The old King Henry is wrestling with his own dubious assumption of the crown, and a spreading rebellion, while his son, Prince Hal, plays truant from his destiny, hanging out with Falstaff in Eastcheap. The tumultuous profusion of the plays, which are 50 percent in prose, 50 in poetry, in unequalled in our theatre and are usually the province of the RSC.
Roger Allam’s Falstaff is the focal point of both parts. Never will you hear the role more beautifully or more nimbly spoken. But like most recent Falstaffs - Robert Stephens and David Warner included - there’s little grossness about him. He’s hardly fatter than you or I, and with his long dank wig he looks as knightly as any musketeer.
But in speed of thought, and in being the cause of wit in others, Allam is insurpassable, and has a high old time in the Gadshill adventure, playing “dead” at the battle of Shrewsbury, dodging the strictures of the Lord Chamberlain and mollifying Mistress Quickly.

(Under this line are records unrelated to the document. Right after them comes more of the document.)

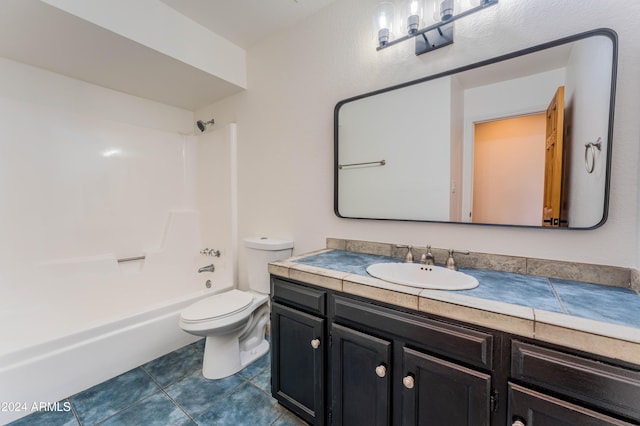 full bathroom featuring tile patterned flooring, shower / tub combination, vanity, and toilet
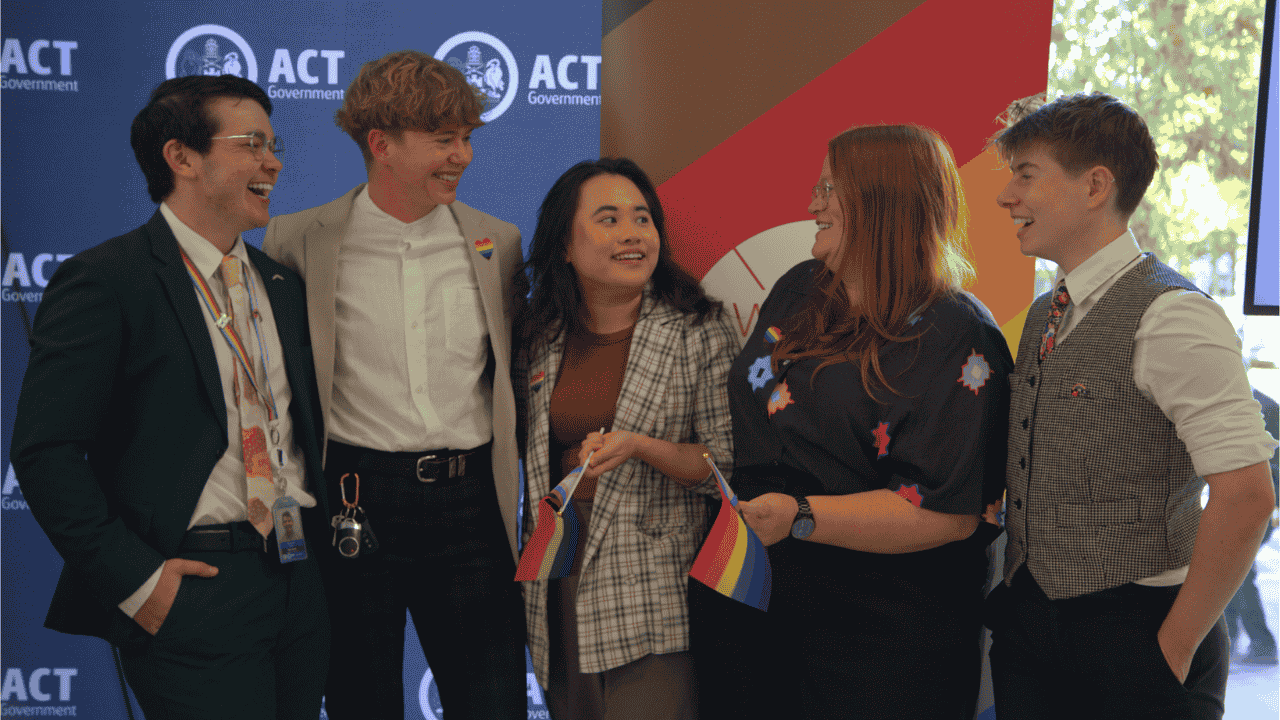 A group of people laugh together with a rainbow banner in the background and the logo of ACT Government.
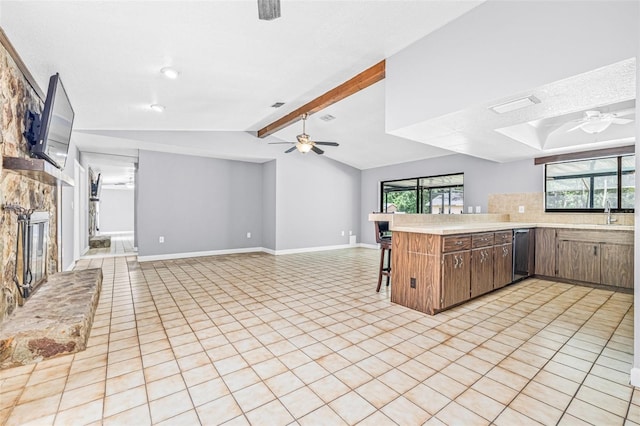 10430 Bobcat Dr, New Port Richey, FL 34654 - kitchen with ceiling fan, light countertops, a peninsula, dishwashing machine, and open floor plan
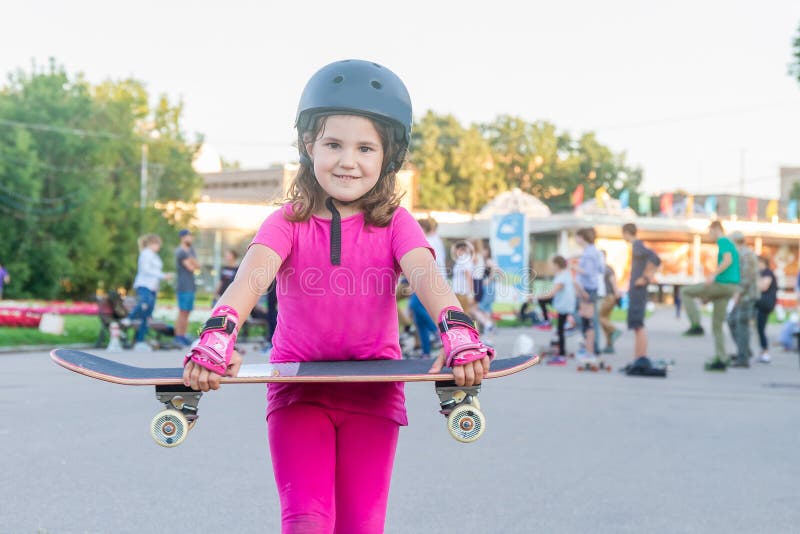 Girl skateboarding on natural background royalty free stock photos Girl skateboarding on natural background royalty free stock photos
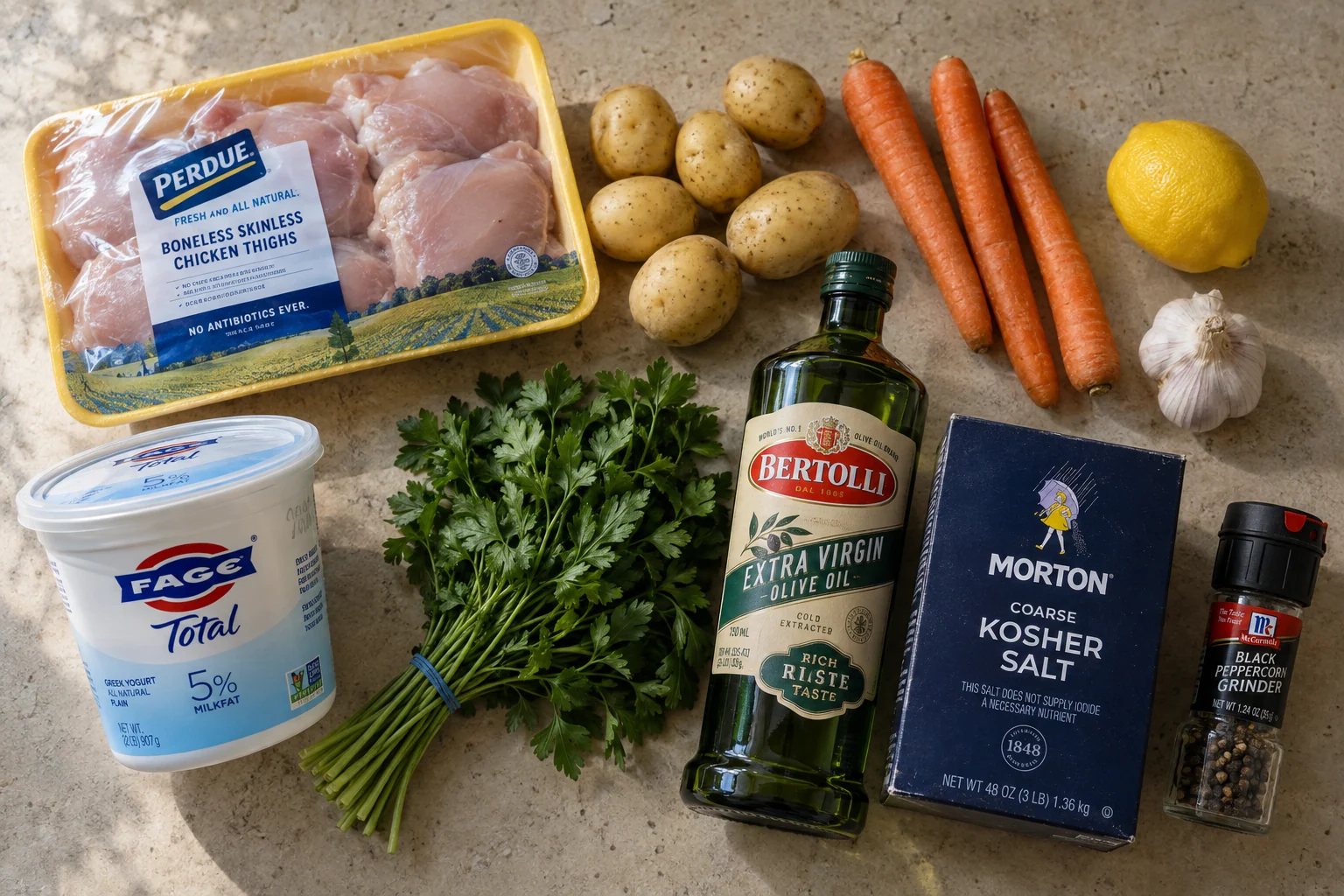 A sample countertop with chicken, potatoes, carrots, lemon and herbs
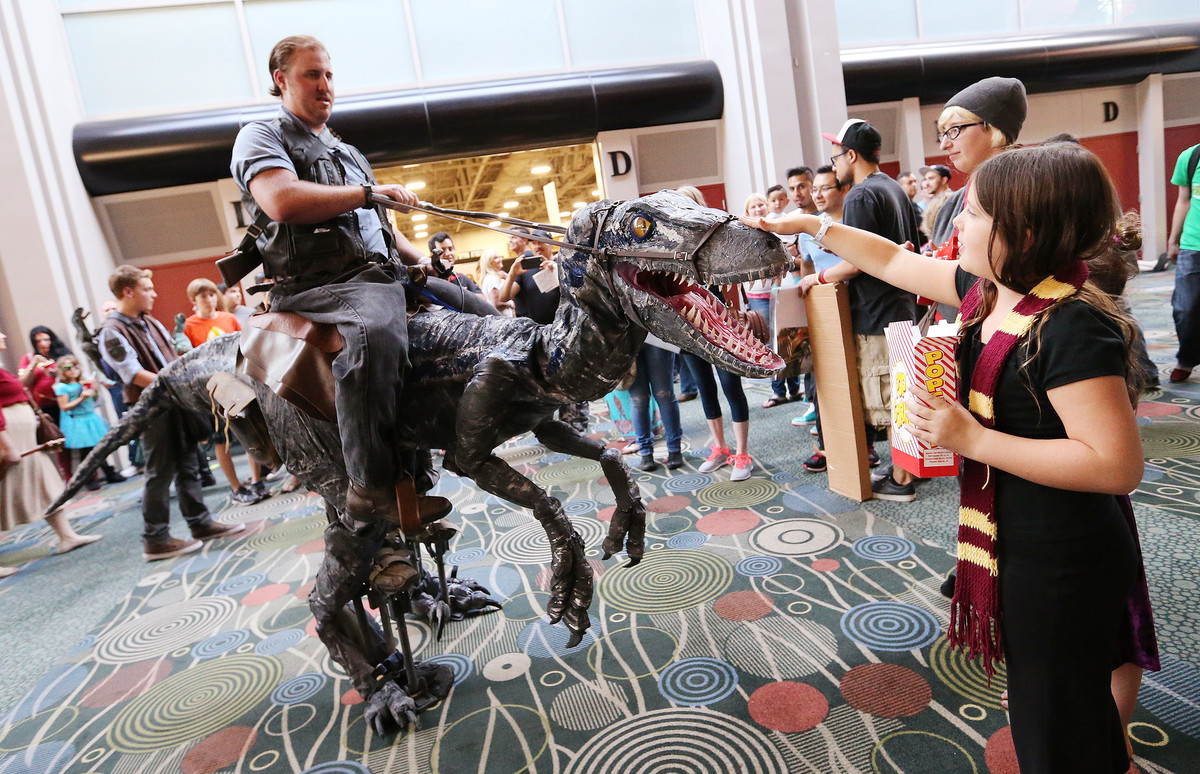 Joseph Brewer has his raptor petted by Alani Wiist at Salt Lake Comic Con 2015 in Salt Lake City Thursday, Sept. 24, 2015. (Photo: Jeffrey D. Allred/Deseret News)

The love scene with Jade Williams’ bruised and battered Doll Tearsheet - who does the compulsory Globe “vomiting into the audience” scene on her entrance - is an elegiac farewell to sensuality and free living.
Prince Hal’s example, as far as his father is concerned, is that flower of chivalry, Harry Hotspur, and the two are well contrasted in Jamie Parker’s affable-turning-steely prince and Sam Crane’s unusually comical, impassioned upstart. This Hotspur’s like a small, peeved boy, defending the right to his prisoners; but is he exactly “the glass wherein the noble youth did dress themselves”?

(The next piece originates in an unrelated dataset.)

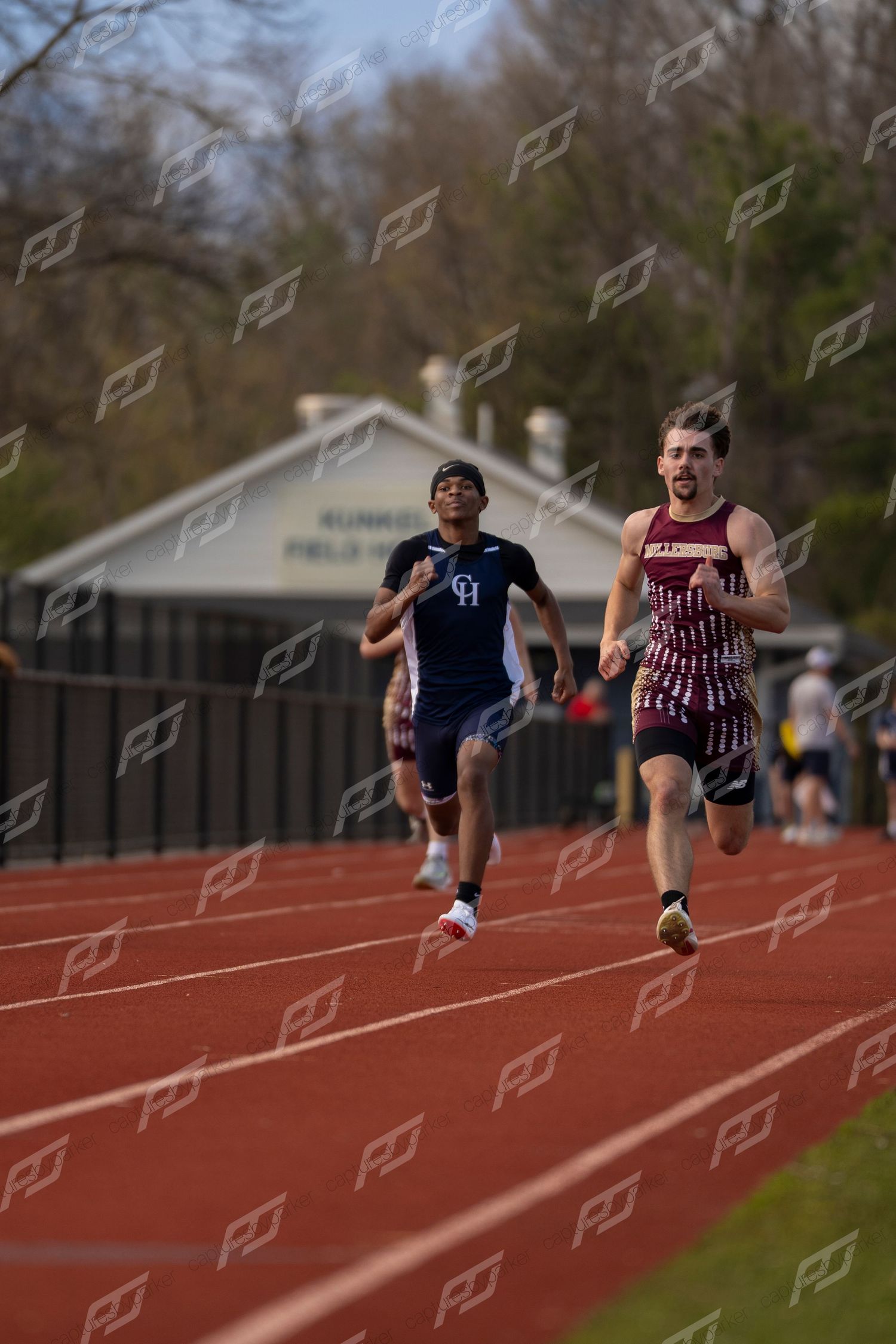 Two male runners compete in sprint race on red track, CH athlete in navy uniform.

Essay questions aside, this is an irresistible romp through the plays, the cockpit decorated by Jonathan Fensom with a prodigality of heraldic banners, the action underpinned with Claire van Kampen’s brassy, melancholic music; there’s a lovely Welsh song for Lady Mortimer, and even Falstaff and Hal chip in with a mandolin and flute duet.
Oliver Cotton booms tetchily as the old king, William Gaunt shivers wheezily as old Shallow, Danny Lee Wynter is an eye-catching, epicene Poins and a splendidly mincing Feeble, and Paul Rider achieves a startling double as a bottle-nosed, sluggish little Bardolph and a crisply chilling Archbishop Scroop. Follow the bard’s advice: construe the time to their necessities, and hop along to the Globe.